■ **Data shown**:
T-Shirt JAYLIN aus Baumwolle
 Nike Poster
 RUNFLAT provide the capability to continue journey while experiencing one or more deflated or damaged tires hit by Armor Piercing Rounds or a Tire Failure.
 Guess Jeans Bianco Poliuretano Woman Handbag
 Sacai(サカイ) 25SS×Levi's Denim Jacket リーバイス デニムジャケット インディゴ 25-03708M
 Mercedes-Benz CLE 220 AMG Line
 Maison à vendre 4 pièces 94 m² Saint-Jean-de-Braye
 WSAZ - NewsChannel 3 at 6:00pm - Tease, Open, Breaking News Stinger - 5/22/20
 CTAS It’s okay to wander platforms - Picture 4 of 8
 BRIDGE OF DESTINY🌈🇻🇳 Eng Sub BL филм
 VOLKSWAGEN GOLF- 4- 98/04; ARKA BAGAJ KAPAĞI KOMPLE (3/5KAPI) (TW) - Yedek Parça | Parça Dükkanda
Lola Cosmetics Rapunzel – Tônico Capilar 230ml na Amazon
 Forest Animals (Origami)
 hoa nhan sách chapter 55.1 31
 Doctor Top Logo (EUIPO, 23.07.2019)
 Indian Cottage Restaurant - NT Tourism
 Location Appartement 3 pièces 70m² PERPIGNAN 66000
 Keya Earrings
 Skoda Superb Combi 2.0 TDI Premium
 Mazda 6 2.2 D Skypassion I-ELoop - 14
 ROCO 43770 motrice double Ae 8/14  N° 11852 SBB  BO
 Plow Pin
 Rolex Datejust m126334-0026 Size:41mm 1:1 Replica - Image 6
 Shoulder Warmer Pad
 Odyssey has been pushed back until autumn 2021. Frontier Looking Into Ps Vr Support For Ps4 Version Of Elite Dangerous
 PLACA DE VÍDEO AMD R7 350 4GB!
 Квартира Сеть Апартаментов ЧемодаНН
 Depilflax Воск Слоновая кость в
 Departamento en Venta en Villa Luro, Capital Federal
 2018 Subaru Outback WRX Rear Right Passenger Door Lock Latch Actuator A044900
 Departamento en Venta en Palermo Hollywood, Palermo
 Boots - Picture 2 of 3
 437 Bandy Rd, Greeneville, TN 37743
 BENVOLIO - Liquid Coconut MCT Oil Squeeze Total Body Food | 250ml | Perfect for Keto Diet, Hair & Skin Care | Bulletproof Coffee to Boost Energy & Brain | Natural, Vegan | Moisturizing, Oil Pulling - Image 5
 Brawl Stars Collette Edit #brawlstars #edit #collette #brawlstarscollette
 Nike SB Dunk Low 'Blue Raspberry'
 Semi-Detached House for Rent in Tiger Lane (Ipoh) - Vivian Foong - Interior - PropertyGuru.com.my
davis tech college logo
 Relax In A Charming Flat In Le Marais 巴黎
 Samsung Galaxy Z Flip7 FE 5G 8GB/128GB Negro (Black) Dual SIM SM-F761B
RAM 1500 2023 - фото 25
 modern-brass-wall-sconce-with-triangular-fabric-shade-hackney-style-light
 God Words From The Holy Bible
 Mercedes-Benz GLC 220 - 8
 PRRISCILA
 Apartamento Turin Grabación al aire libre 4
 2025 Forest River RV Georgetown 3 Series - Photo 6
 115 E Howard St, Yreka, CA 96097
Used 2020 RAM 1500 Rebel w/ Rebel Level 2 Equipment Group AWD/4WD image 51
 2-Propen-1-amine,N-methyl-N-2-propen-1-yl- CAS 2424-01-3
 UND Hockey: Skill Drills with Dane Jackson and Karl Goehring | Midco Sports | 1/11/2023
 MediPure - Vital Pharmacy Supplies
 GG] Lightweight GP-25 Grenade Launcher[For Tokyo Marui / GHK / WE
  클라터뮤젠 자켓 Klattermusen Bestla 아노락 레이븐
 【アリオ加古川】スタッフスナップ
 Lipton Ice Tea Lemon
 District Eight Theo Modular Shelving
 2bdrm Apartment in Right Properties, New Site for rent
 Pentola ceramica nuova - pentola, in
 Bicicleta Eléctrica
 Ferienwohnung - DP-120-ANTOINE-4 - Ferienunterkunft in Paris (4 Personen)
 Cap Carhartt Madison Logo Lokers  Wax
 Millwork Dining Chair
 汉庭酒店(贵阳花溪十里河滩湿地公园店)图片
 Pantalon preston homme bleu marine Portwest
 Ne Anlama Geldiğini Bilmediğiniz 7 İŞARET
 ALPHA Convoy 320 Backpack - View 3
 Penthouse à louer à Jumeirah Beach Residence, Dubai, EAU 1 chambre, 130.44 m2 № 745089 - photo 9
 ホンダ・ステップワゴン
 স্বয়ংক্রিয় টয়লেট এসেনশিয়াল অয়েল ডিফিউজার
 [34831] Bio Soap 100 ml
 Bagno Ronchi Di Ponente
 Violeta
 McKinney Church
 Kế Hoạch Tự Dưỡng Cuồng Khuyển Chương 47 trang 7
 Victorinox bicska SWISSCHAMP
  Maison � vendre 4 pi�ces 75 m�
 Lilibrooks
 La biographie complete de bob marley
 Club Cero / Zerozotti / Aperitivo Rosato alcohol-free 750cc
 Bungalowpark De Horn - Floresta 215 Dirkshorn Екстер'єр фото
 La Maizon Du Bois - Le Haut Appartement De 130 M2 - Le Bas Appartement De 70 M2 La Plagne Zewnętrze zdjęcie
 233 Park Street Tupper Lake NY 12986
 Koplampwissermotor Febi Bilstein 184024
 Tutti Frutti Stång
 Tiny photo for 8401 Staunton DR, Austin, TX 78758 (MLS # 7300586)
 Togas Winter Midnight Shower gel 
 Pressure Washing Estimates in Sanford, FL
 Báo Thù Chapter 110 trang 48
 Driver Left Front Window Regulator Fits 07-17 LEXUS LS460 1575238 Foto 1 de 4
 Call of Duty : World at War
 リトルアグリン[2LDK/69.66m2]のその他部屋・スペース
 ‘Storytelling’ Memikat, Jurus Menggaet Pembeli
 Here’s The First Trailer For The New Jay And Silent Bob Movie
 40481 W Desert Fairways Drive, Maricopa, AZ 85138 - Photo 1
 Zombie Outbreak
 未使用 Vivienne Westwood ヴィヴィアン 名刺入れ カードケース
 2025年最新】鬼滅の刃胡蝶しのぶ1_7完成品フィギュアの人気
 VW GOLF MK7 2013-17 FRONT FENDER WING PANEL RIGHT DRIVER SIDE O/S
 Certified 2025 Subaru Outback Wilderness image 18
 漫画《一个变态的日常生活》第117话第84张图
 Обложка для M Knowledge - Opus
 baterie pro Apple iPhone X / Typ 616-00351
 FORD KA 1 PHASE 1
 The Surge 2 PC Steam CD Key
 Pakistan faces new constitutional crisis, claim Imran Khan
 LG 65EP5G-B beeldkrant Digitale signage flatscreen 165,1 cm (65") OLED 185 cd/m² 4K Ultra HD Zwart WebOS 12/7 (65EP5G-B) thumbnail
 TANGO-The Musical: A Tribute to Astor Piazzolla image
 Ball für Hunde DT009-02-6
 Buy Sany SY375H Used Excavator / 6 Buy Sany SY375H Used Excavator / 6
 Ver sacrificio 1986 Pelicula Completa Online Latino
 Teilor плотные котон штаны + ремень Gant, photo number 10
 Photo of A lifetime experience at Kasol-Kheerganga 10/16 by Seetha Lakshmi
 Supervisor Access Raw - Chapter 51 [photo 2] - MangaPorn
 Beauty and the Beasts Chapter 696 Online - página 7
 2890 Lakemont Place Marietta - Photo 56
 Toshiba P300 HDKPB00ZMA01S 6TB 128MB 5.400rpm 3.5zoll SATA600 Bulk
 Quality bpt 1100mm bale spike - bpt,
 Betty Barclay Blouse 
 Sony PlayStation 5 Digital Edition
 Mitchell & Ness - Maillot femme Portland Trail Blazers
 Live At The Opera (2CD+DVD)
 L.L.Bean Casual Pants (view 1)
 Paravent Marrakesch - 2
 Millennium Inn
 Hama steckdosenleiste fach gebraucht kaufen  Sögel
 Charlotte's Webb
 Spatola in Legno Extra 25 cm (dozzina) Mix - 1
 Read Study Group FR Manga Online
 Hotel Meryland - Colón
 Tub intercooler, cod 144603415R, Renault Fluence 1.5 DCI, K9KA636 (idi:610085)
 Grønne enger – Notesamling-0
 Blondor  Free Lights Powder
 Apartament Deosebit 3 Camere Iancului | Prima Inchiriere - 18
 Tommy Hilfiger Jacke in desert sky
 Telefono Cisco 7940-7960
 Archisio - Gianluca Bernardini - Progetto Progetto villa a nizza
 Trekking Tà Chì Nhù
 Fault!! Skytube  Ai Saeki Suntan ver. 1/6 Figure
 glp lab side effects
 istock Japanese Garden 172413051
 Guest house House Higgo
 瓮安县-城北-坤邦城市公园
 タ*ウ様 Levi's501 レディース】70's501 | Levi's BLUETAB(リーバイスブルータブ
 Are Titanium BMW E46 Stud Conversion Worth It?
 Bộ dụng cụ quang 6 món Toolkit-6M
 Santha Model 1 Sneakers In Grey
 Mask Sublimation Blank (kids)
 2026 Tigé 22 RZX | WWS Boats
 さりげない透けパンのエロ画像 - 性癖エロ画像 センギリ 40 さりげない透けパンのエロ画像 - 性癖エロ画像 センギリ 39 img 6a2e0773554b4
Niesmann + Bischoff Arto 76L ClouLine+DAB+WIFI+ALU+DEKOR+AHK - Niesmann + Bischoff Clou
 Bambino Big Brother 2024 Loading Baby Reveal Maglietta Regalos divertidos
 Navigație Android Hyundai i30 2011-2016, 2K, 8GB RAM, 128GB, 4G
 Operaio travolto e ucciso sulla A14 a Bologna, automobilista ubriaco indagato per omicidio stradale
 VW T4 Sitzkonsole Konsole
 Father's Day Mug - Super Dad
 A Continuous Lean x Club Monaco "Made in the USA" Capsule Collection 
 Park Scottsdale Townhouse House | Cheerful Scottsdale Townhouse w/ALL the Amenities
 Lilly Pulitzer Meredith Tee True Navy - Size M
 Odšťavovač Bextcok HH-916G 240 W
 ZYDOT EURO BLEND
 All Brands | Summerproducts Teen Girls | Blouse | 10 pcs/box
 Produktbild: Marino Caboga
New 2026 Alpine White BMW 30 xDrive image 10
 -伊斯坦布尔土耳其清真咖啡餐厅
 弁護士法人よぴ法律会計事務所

■ **What is needed**: Would you output, from the records above, exactly the run of lines that starts at the line containing "Mercedes-Benz GLC 220 - 8" and ends at the line containing "Bicicleta Eléctrica", and only that run?

■ **Task output**:
 Mercedes-Benz GLC 220 - 8
 PRRISCILA
 Apartamento Turin Grabación al aire libre 4
 2025 Forest River RV Georgetown 3 Series - Photo 6
 115 E Howard St, Yreka, CA 96097
Used 2020 RAM 1500 Rebel w/ Rebel Level 2 Equipment Group AWD/4WD image 51
 2-Propen-1-amine,N-methyl-N-2-propen-1-yl- CAS 2424-01-3
 UND Hockey: Skill Drills with Dane Jackson and Karl Goehring | Midco Sports | 1/11/2023
 MediPure - Vital Pharmacy Supplies
 GG] Lightweight GP-25 Grenade Launcher[For Tokyo Marui / GHK / WE
  클라터뮤젠 자켓 Klattermusen Bestla 아노락 레이븐
 【アリオ加古川】スタッフスナップ
 Lipton Ice Tea Lemon
 District Eight Theo Modular Shelving
 2bdrm Apartment in Right Properties, New Site for rent
 Pentola ceramica nuova - pentola, in
 Bicicleta Eléctrica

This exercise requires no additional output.